**Requirement:**
Which lines come from the start of the listing through the line holding "Canvas schilderij - Aquarel"? Restate exactly those, both included, minus the pictures.

● ● ● ● ●

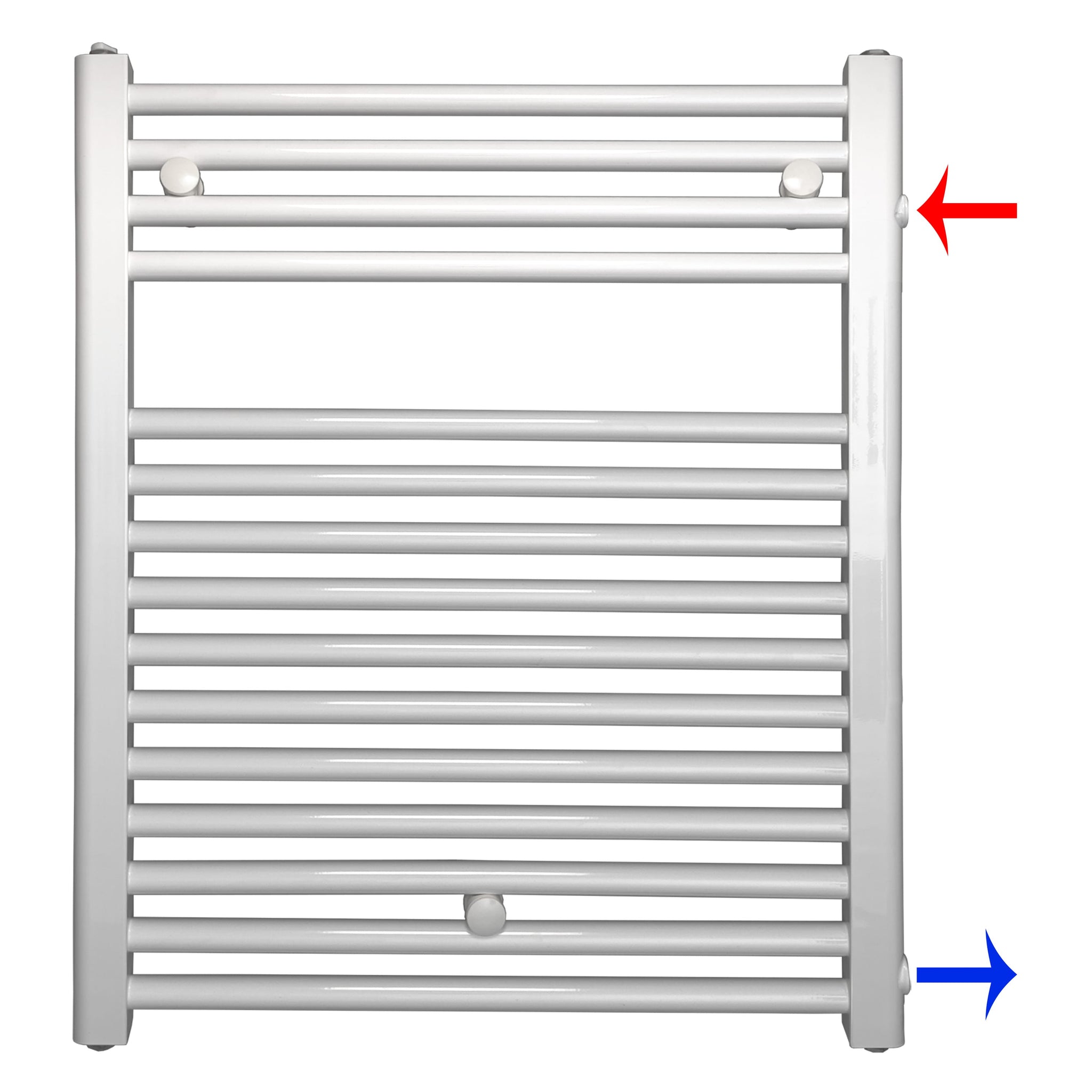Remplacement du radiateur de salle de bain, radiateur blanc, connexion côté gauche droit 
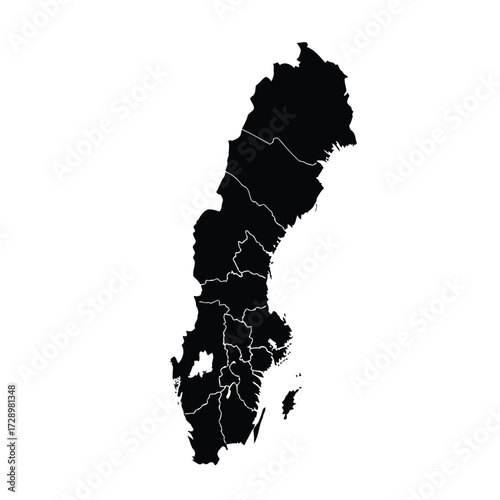 Vector illustration of black silhouette map of sweden with administrative divisions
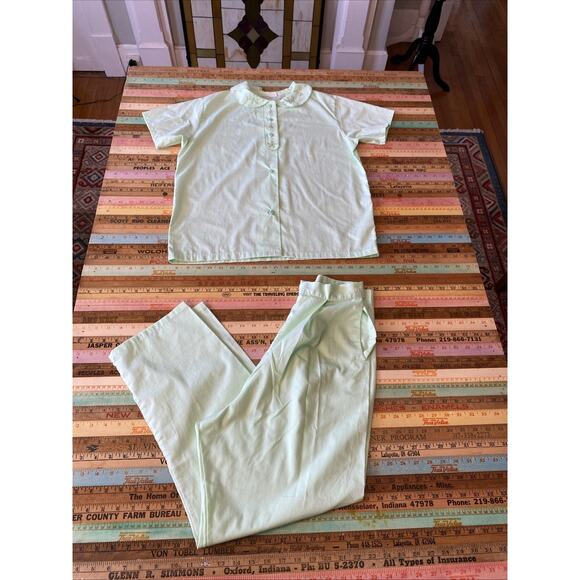 Vintage 34 Mint Green 2 Pcs Pajama Floral Lace Embroidered Set Isis WT Grant - Picture 1 of 14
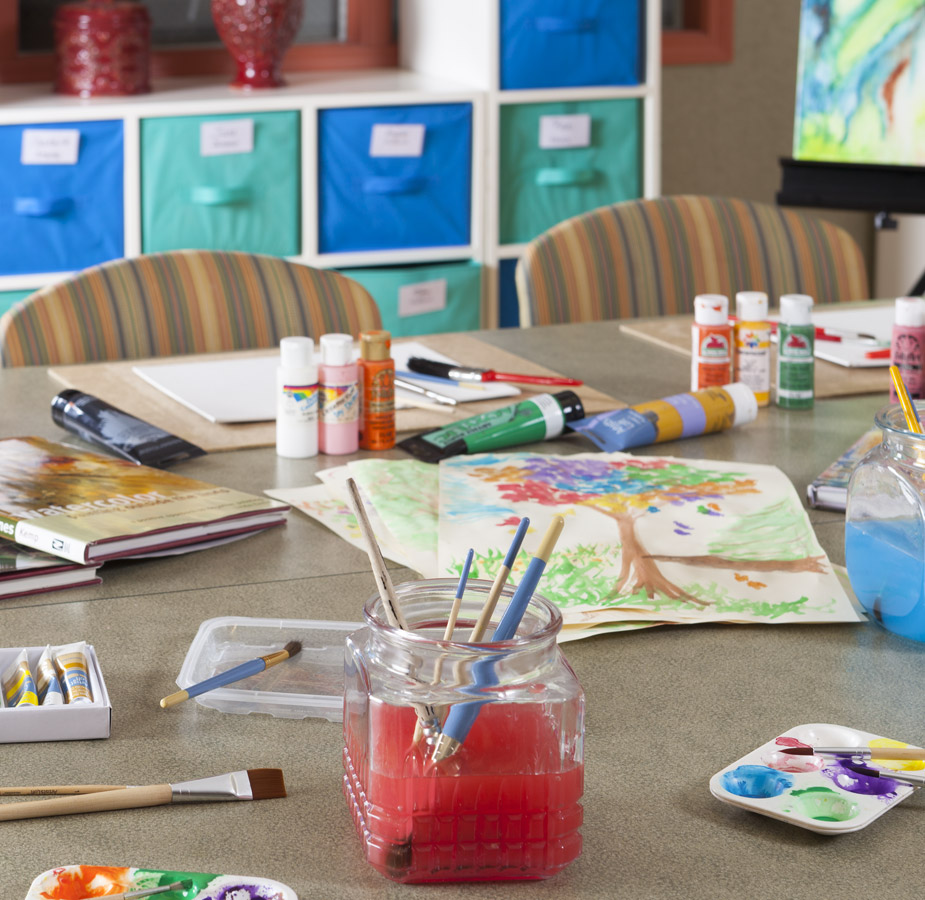 Art supply lay out on table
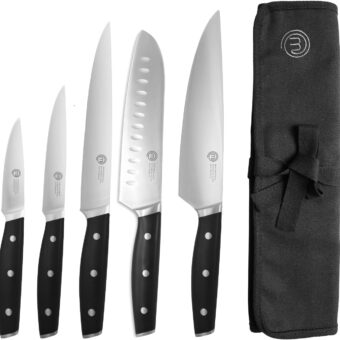 MasterChef Chef Knife Set with Bag, Knife Roll Set with 5 Professional Quality Kitchen Knives for Precision Home Cooking, High Carbon Stainless Steel Blades & Triple Riveted Handles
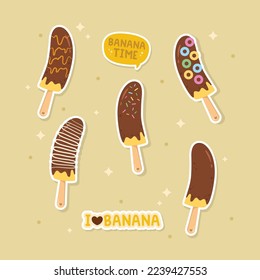 Hand drawn cute chocolate banana pops sticker set collection vector design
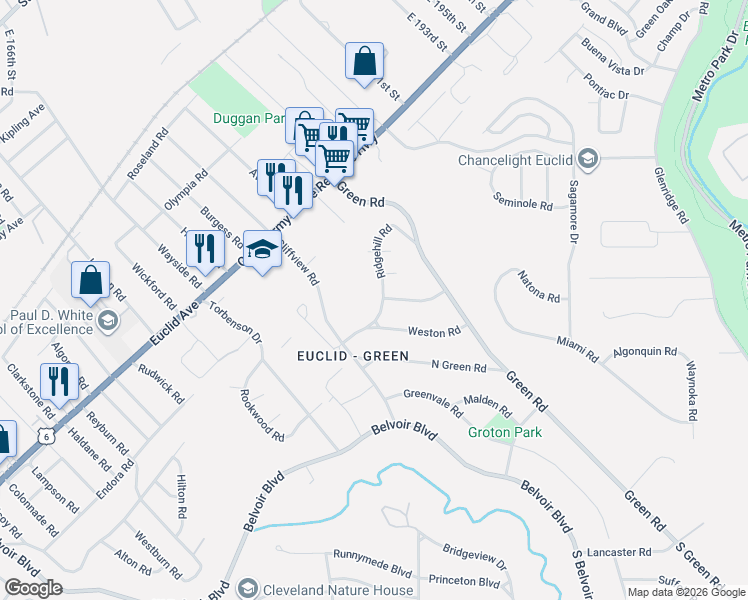 map of restaurants, bars, coffee shops, grocery stores, and more near 1915 Cliffview Road in Cleveland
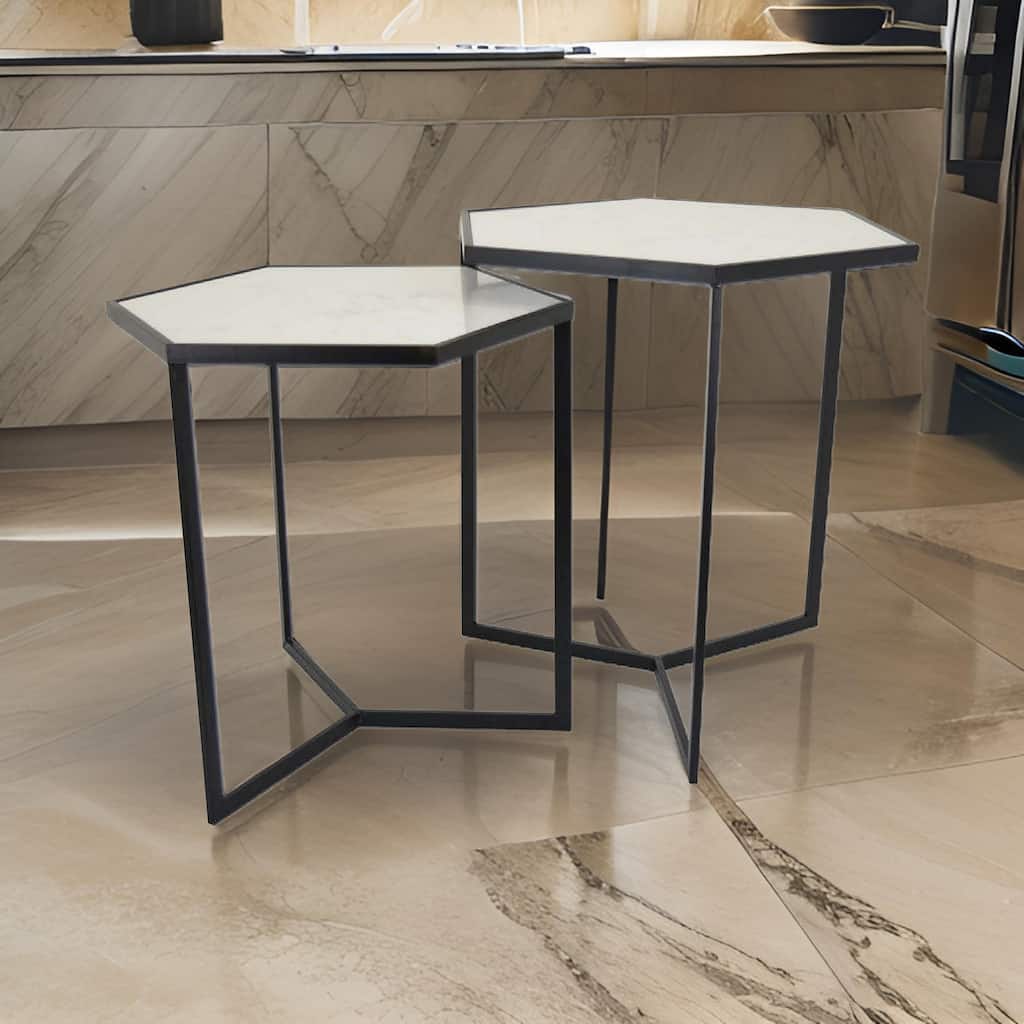 Plant Stand Table Set of 2, Black Metal Frame, Hexagonal White Tabletop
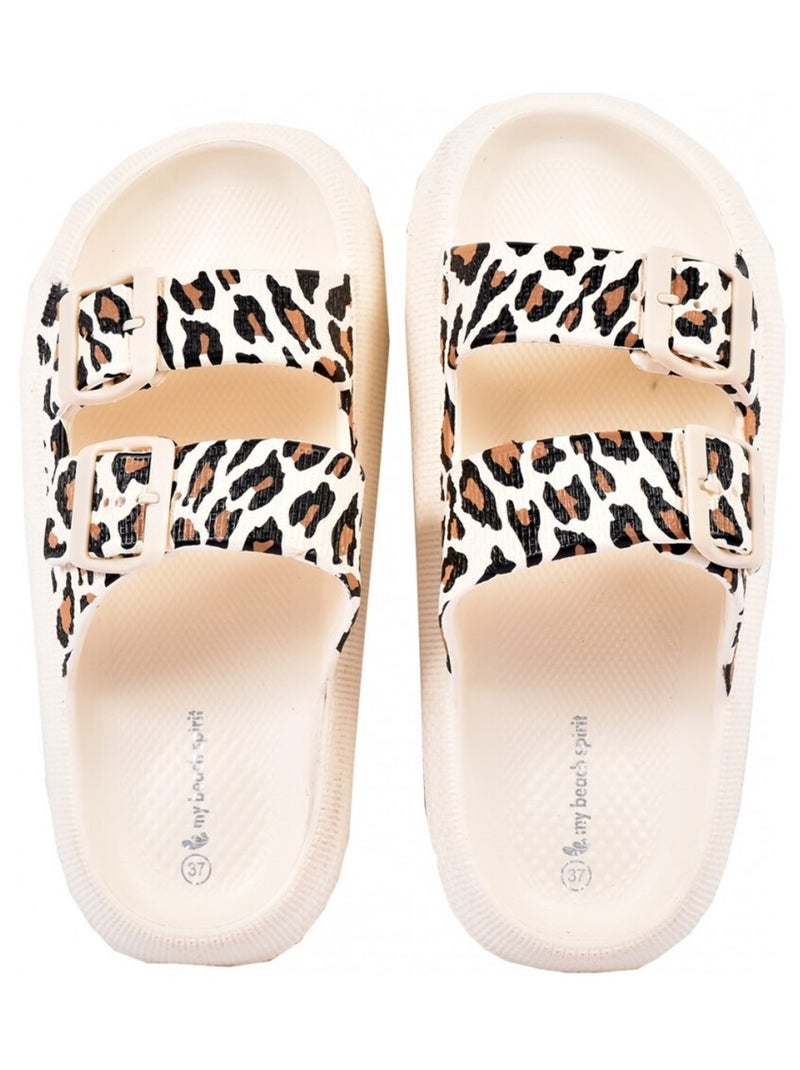 Sandales Mules EVA Boucle Ecru - Kiabi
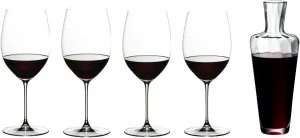 RIEDEL Veritas Cabernet/Merlot   Mosel Decanter, Wine Glass Set, 5 Pack - Cabernet, Merlot, Decanter - Dishwasher Safe, Crystal Glass - 5449/0-MOS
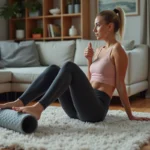 Femme utilisant un rouleau de mousse dans un salon moderne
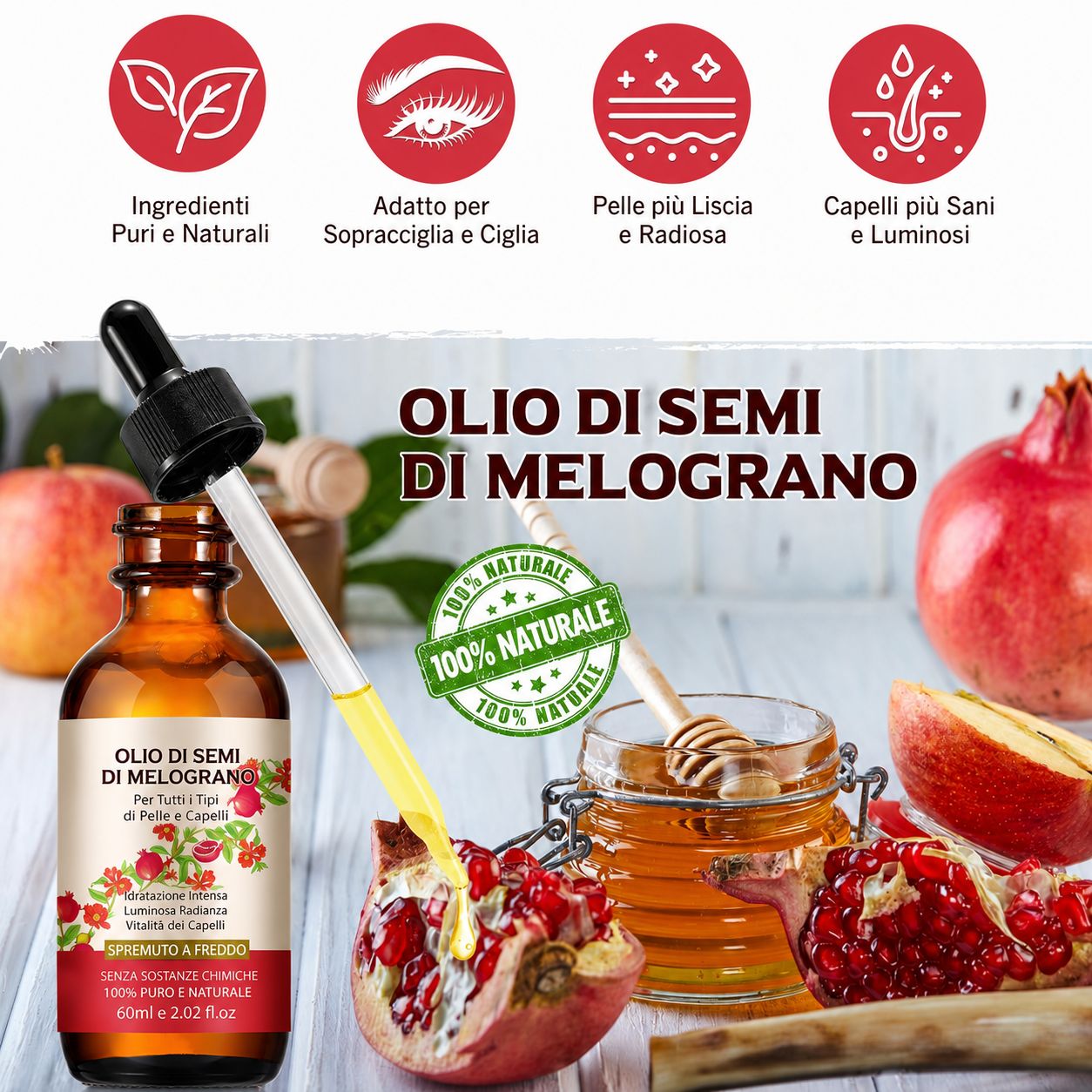 Flacone marrone con contagocce di olio di semi di melograno. Testo: Olio di Semi di Melograno, 100% Naturale. Melograno, miele, foglie.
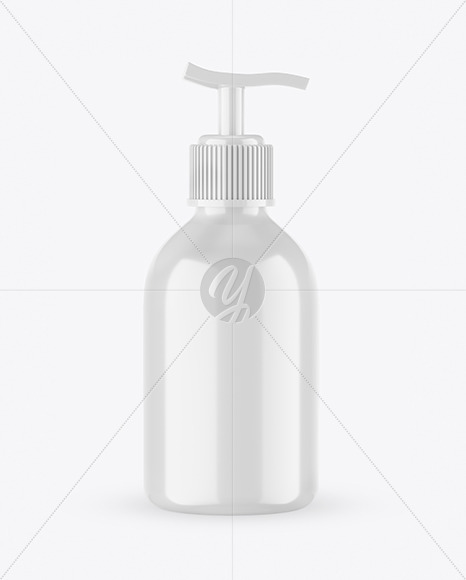 Glossy Cosmetic Bottle with Pump Mockup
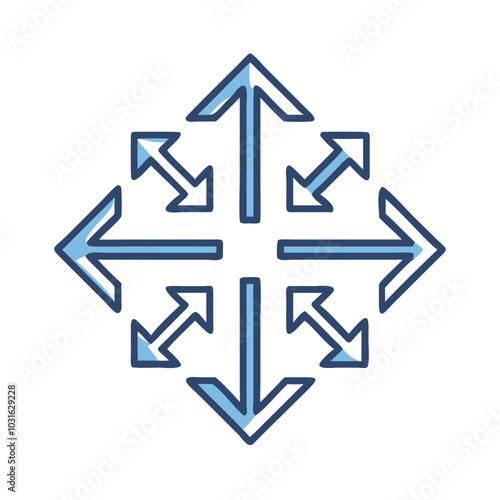 Full directional arrows in line art style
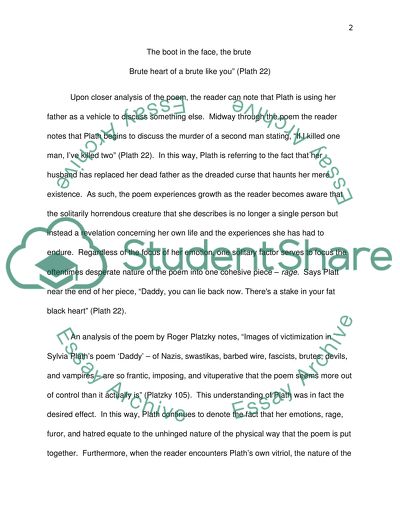 Sylvia plath daddy essay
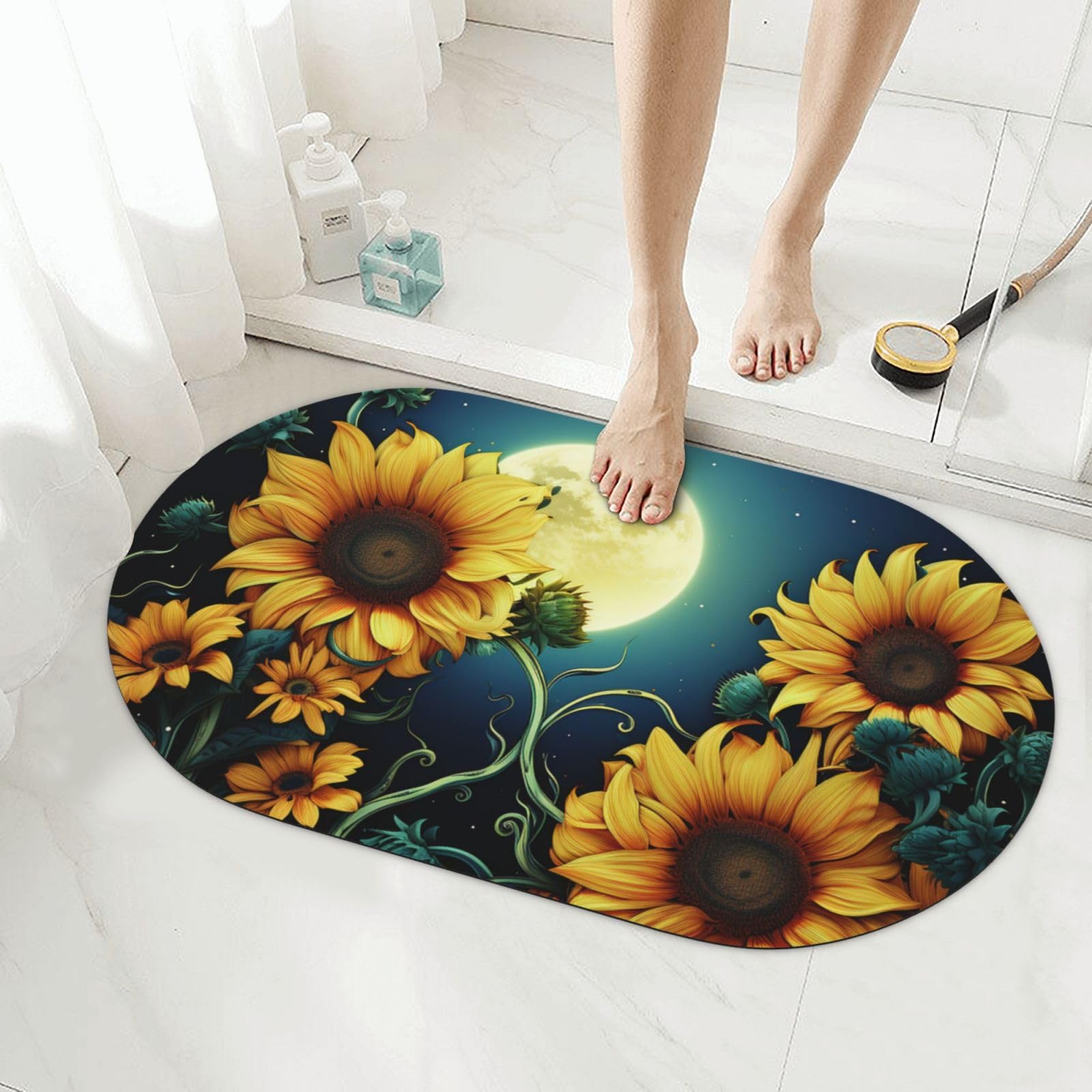 Diatomite et motif tournesol pour ce tapis de bain en pierre haut de gamme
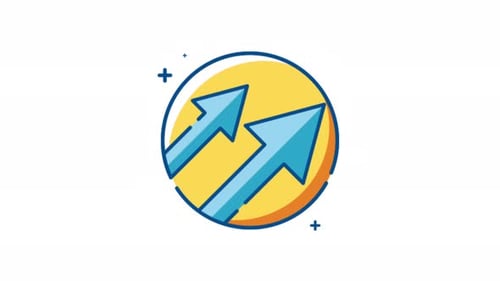 Animated Upward Growth Arrows Icon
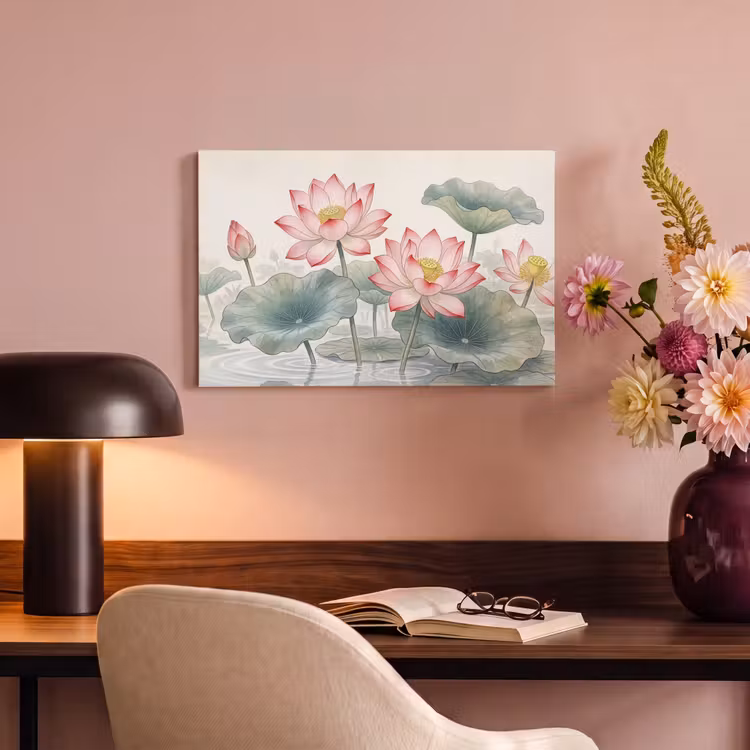 Canvas schilderij - Aquarel - Lotusbloemen - Kleurrijk — 6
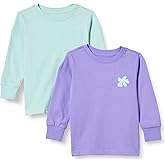 Amazon Essentials Unisex Kids and Toddlers' Long-Sleeve Rib Cuff T-Shirt, Pack of 2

● ● ● ● ●

**Answer to this problem:**
Remplacement du radiateur de salle de bain, radiateur blanc, connexion côté gauche droit 
 Vector illustration of black silhouette map of sweden with administrative divisions
 Vintage 34 Mint Green 2 Pcs Pajama Floral Lace Embroidered Set Isis WT Grant - Picture 1 of 14
 Art supply lay out on table
 MasterChef Chef Knife Set with Bag, Knife Roll Set with 5 Professional Quality Kitchen Knives for Precision Home Cooking, High Carbon Stainless Steel Blades & Triple Riveted Handles
 Hand drawn cute chocolate banana pops sticker set collection vector design
 map of restaurants, bars, coffee shops, grocery stores, and more near 1915 Cliffview Road in Cleveland
 Plant Stand Table Set of 2, Black Metal Frame, Hexagonal White Tabletop
 Sandales Mules EVA Boucle Ecru - Kiabi
 RIEDEL Veritas Cabernet/Merlot   Mosel Decanter, Wine Glass Set, 5 Pack - Cabernet, Merlot, Decanter - Dishwasher Safe, Crystal Glass - 5449/0-MOS
 Femme utilisant un rouleau de mousse dans un salon moderne
 Flacone marrone con contagocce di olio di semi di melograno. Testo: Olio di Semi di Melograno, 100% Naturale. Melograno, miele, foglie.
 Glossy Cosmetic Bottle with Pump Mockup
 Full directional arrows in line art style
 Sylvia plath daddy essay
 Diatomite et motif tournesol pour ce tapis de bain en pierre haut de gamme
 Animated Upward Growth Arrows Icon
 Canvas schilderij - Aquarel - Lotusbloemen - Kleurrijk — 6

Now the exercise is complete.